The algorithm converges when the standard deviation of fitness values across the population falls below the tolerance.

using Numerics.Mathematics.Optimization;

// Rastrigin function (highly multimodal)
double Rastrigin(double[] x)
{
    double sum = 10 * x.Length;
    for (int i = 0; i < x.Length; i++)
    {
        sum += x[i] * x[i] - 10 * Math.Cos(2 * Math.PI * x[i]);
    }
    return sum;
}

var lower = new double[] { -5.12, -5.12 };
var upper = new double[] { 5.12, 5.12 };

var de = new DifferentialEvolution(Rastrigin, 2, lower, upper);
de.PopulationSize = 50;
de.CrossoverProbability = 0.9;
de.Mutation = 0.75;
de.MaxIterations = 1000;
de.Minimize();

Console.WriteLine($"Global minimum: [{de.BestParameterSet.Values[0]:F6}, {de.BestParameterSet.Values[1]:F6}]");
Console.WriteLine($"Function value: {de.BestParameterSet.Fitness:F10}");

Advantages: Very robust, handles discontinuities, good for difficult problems.

Parameters:

PopulationSize: Number of candidate solutions (default = 10 × dimensions)
CrossoverProbability: Probability of crossover (default = 0.9)
Mutation: Scaling factor for mutation (default = 0.75)

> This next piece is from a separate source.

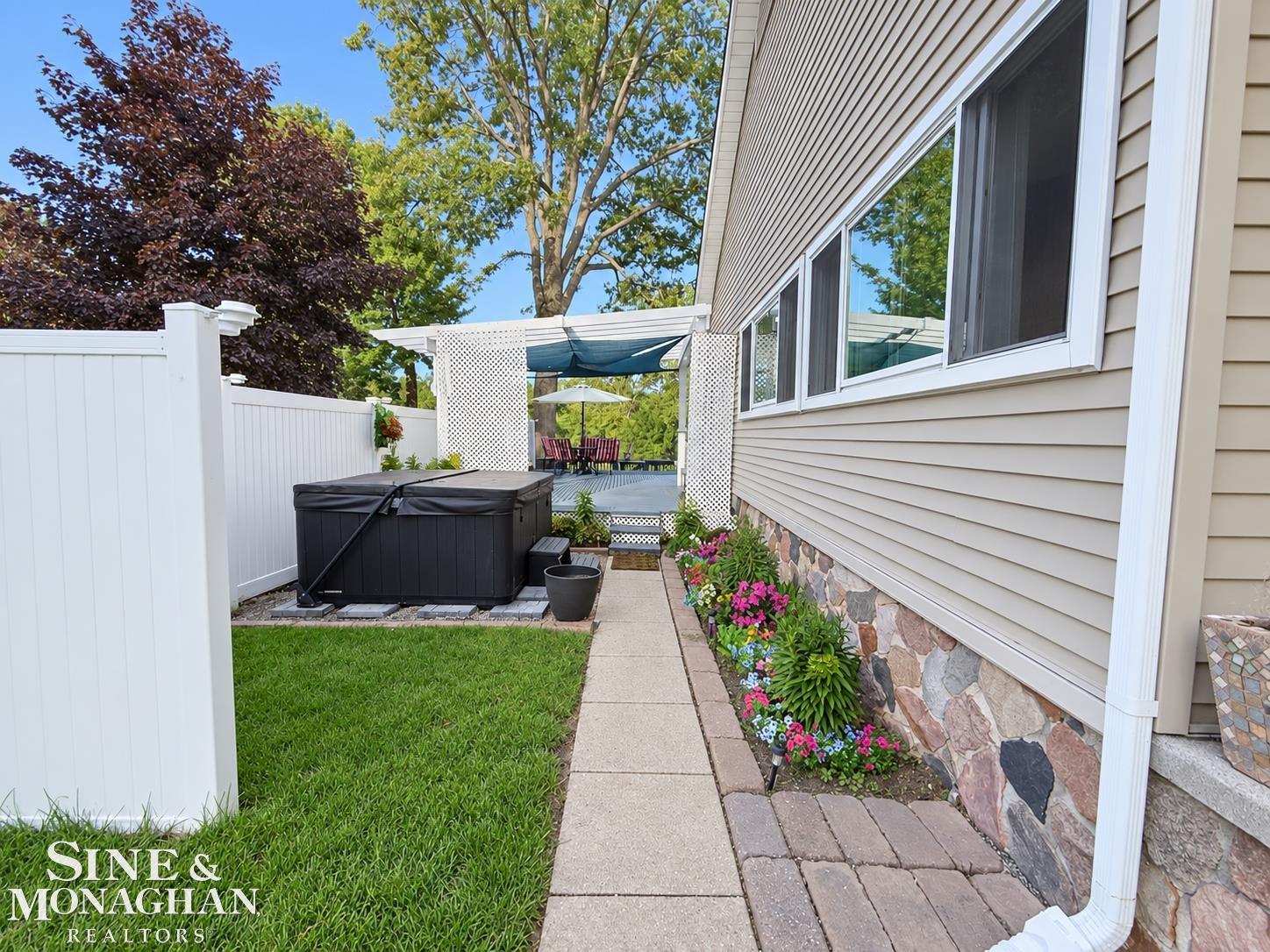 Photo 3 of Single family home for sale at 3451 Riverside Dr, Port Huron, MI 48060 | MLS# 58050221318 | Listing updated on 2026-09-17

Particle Swarm Optimization

PSO simulates social behavior of bird flocking or fish schooling [5]. Each particle $i$ has a position $\mathbf{x}_i$ and velocity $\mathbf{v}_i$ that are updated at each iteration using:

$$v_{i,j}^{(t+1)} = w \cdot v_{i,j}^{(t)} + c_1 \cdot r_1 \cdot (p_{i,j} - x_{i,j}^{(t)}) + c_2 \cdot r_2 \cdot (g_j - x_{i,j}^{(t)})$$

$$x_{i,j}^{(t+1)} = x_{i,j}^{(t)} + v_{i,j}^{(t+1)}$$

where:

$w$ is the inertia weight, which decreases linearly from $w_{\max} = 0.9$ to $w_{\min} = 0.4$ over the optimization, balancing exploration (high $w$) and exploitation (low $w$)
$c_1 = c_2 = 2.05$ are the cognitive and social acceleration coefficients
$r_1, r_2 \sim U(0,1)$ are independent random numbers (per component, per particle)
$\mathbf{p}_i$ is particle $i$'s personal best position (best position it has visited)
$\mathbf{g}$ is the global best position (best position any particle has visited)

The three terms represent momentum (continue in the current direction), cognitive pull (return toward personal best), and social pull (move toward the swarm's best).

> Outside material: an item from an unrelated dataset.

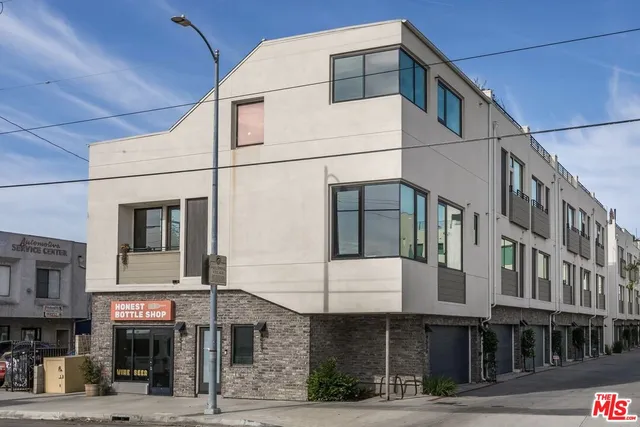 $999,000 | 4511 Eagle Rock Boulevard, Los Angeles, CA 90041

var pso = new ParticleSwarm(Rastrigin, 2, lower, upper);
pso.PopulationSize = 40;
pso.Minimize();

Console.WriteLine($"Solution: [{pso.BestParameterSet.Values[0]:F6}, {pso.BestParameterSet.Values[1]:F6}]");

Advantages: Fast convergence, simple concept, works well for continuous problems.

Parameters:

PopulationSize: Number of particles (default = 30)

Shuffled Complex Evolution (SCE-UA)

SCE-UA was specifically developed for calibrating hydrological models [6]. The algorithm partitions the population into $p$ complexes, evolves each complex independently using a Competitive Complex Evolution (CCE) strategy, then shuffles members between complexes to share information.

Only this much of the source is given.